Whilst we have seen the currency markets shift we continue to trade within range. The Dollar depreciated as members of the Fed expressed concerns about the prospect of raising rates in 2015, following some softer data trends that are becoming apparent in the US. Meanwhile, on Friday Cleveland Fed’s Mester reiterated her view that the economy is ready for higher interest rates. Looking at the docket, there was some positive news for the US as the University of Michigan consumer survey with the headline index rose and thus essentially reversed its September decline.
Meanwhile, the prospect for raising rates in the UK continues to wane as inflation continues to bump along the bottom by posting a negative reading on Tuesday. This leaves the BoE under no pressure to be raising rates soon as they do not expect inflation to return to 1% until spring 2016.

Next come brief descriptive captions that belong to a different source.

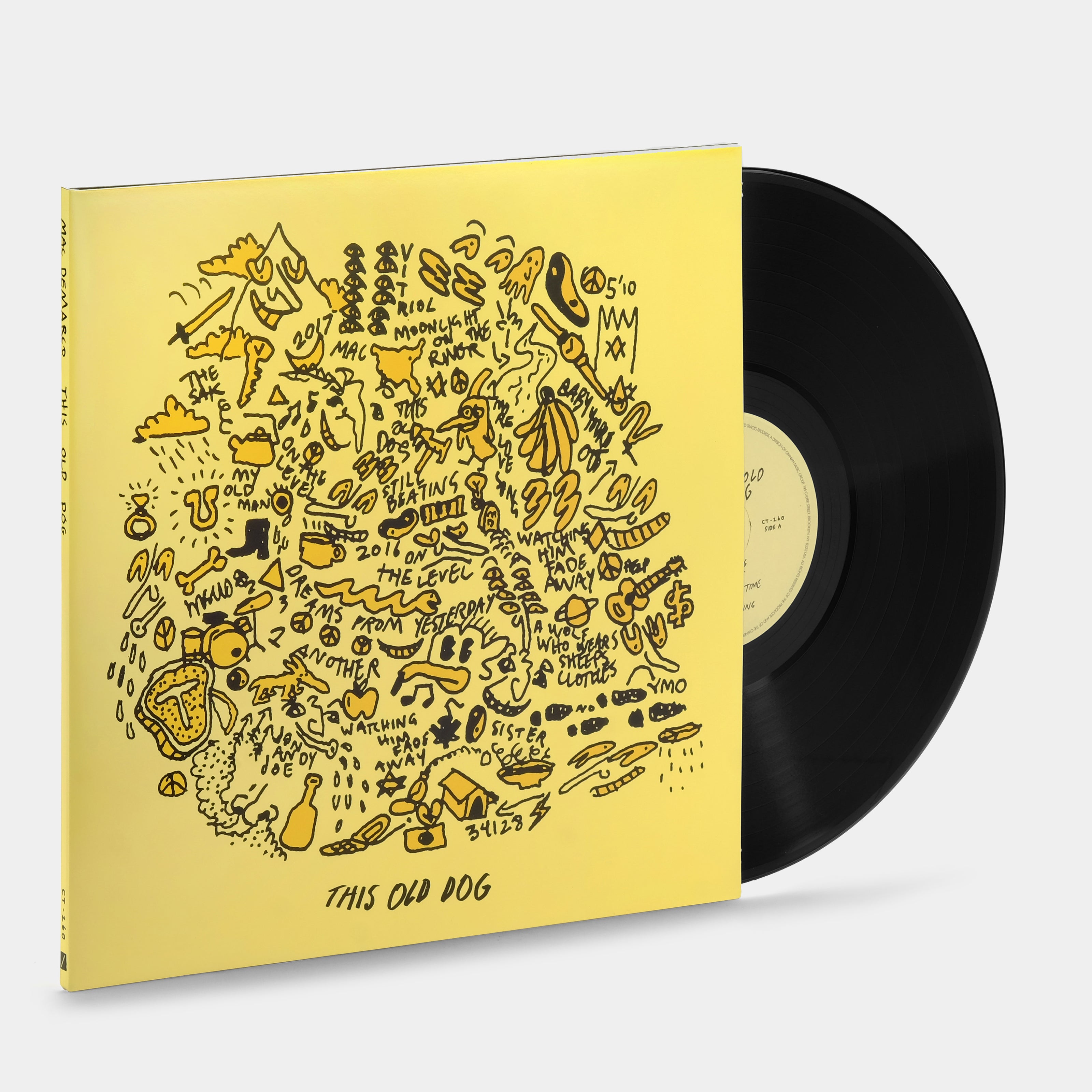 Mac Demarco This Old Dog LP Vinyl Record mac-demarco-this-old-dog-lp-vinyl-record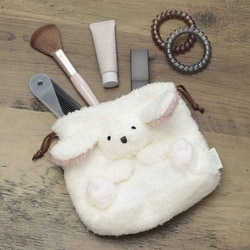 ウサギぬいぐるみポーチ CUTEキュートうさぎぬいぐるみポーチ【新品】サファリパーク限定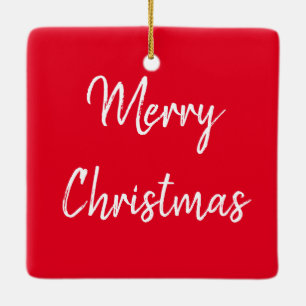 Ornamento De Cerâmica Mãe e Elefante Bebê no Serengeti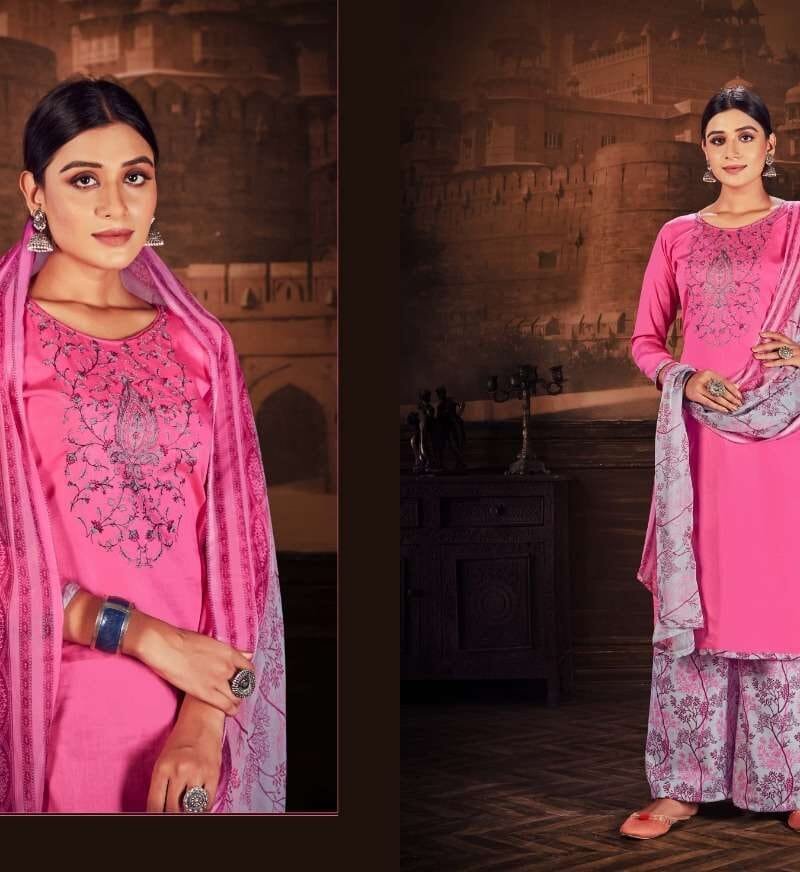 ISHIKA Zulfat Designer Suits Wholesale Dress Material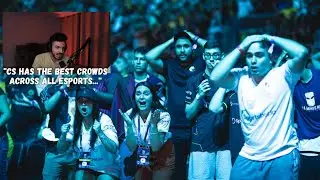 SEN Tarik Explains why CSGO CROWDS are BETTER Then VALORANT...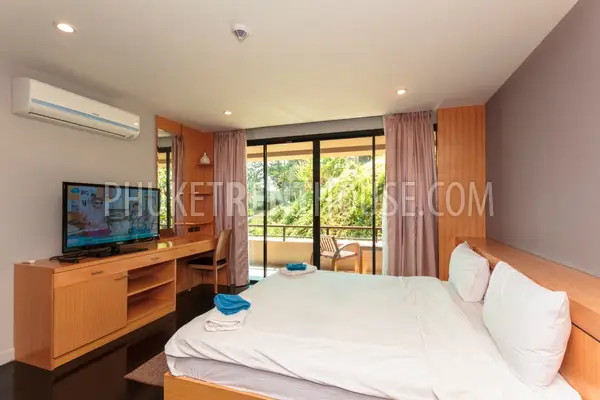 PAT17021: 1BR Apartment Hill View in Patong. 照片 #9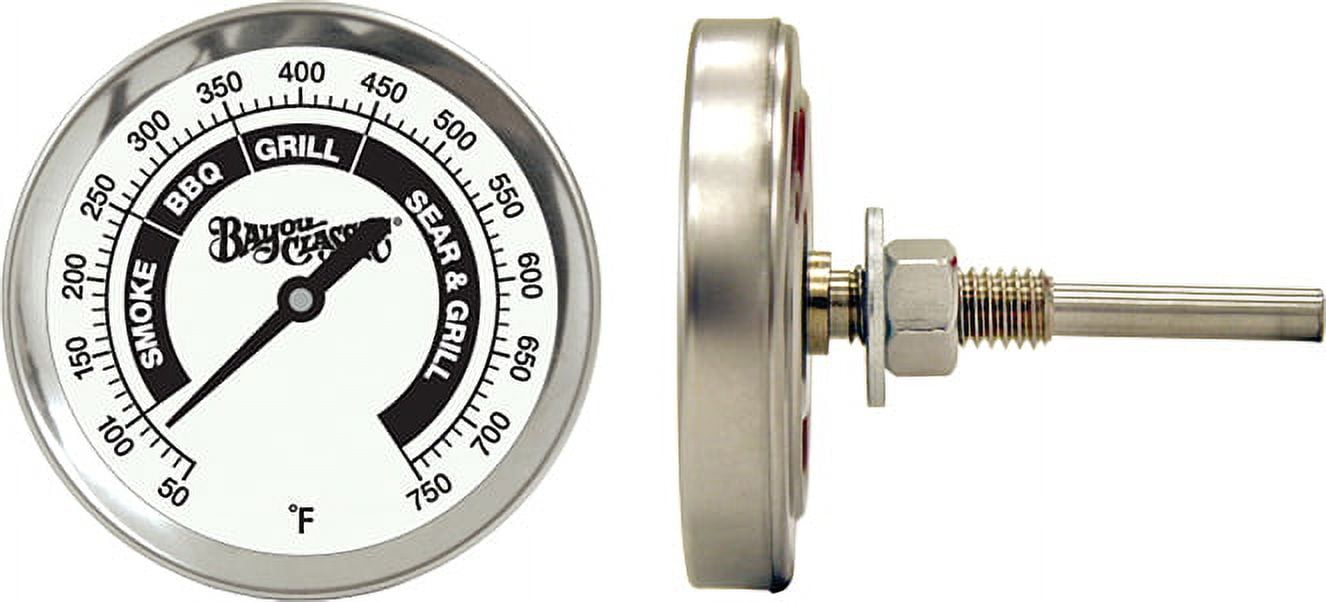 Bayou Classic Grill Thermometer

We have a very quiet start to the week with the bulk of the market’s concern being released overnight. China’s economy grew 6.9% in Q3 GDP, which was a little slower than the 7.0% growth seen in Q2. The market is paying close attention to Fed speakers at the moment to gage sentiment on a potential rate hike in December. FOMC Member Brainard is due to speak this afternoon.
Most of the focus will be on the speaking engagements that BoE Gov Carney and FOMC Chair Yellen are due to deliver. Carney is due to testify on the Bank of England Bill before the Treasury Select Committee in London. Meanwhile, Yellen is due to deliver brief remarks at the Labor Hall of Honor Induction Ceremony, in Washington DC. As heads of their respective central banks the market will been keen to decipher their commentary.
The Bank of Canada are due to release their latest decision on interest rates today with no change expected. As always, the focus will be on the rhetoric following the decision. Meanwhile, on the docket we have the UK’s public sector borrowing numbers.
Probably the busiest day in the market this week. Starting in the UK we have the release of the retail sales numbers which is expected to remain fairly low. The main focus will be the ECB meeting. We are not expecting any announcement of an extension of the QE programme but believe that Draghi will remain dovish in his tone. Finally the weekly release of the jobless claims are due as well.
Eurozone data will be today’s focus following on from Thursday’s ECB Meeting. Due to hit the wires are the PMI services and manufacturing from the Eurozone and Germany. It will be interesting to see if the fallout from Volkswagen will have any effect.